- Born: Kathryn Salina Brooks October 16, 1963 (age 62)
- Occupations: Writer; photographer;
- Relatives: Stokely Webster (grandfather)
- Website: www.ksbrooks.com

= K. S. Brooks =

American novelist

K. S. Brooks (born Kathryn Salina Brooks; October 16, 1963 in New York, New York) is an American writer and photographer.

According to the Maryland Writers' Association, Brooks has written for over twenty years. Her writing and photography have been published in the U.S. and abroad. Brooks's novel, Lust for Danger, was awarded Honorable Mention in the 2005 Jada Press Book of the Year Awards.

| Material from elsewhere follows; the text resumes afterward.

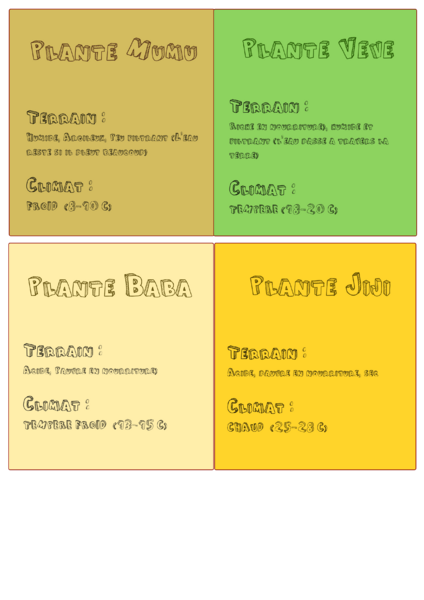 Fichier:La colonie des plantes CDP fiche-plantes.png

In addition to novels, Brooks has published numerous poems, letters and news articles.

Brooks is executive director of Indies Unlimited, a multi-author website dedicated to the independent publishing community.

Referred to by some as "The Stevens County News Agency," Brooks currently works in multiple roles (editor, reporter, and photographer) for multiple small papers in various towns in Stevens County, Washington.

==Photography==
Brooks' photographic works have received receiving multiple awards from Kodak, and have been featured in one-man art shows at galleries in the Boston area. She photographs many different subjects, per the Boston Globe: "...birds and wildlife, combined with avant garde glamor shots, landscapes and corporate assignments have rounded out a varied artistic and commercial portfolio."

Brooks is the granddaughter of artist Stokely Webster.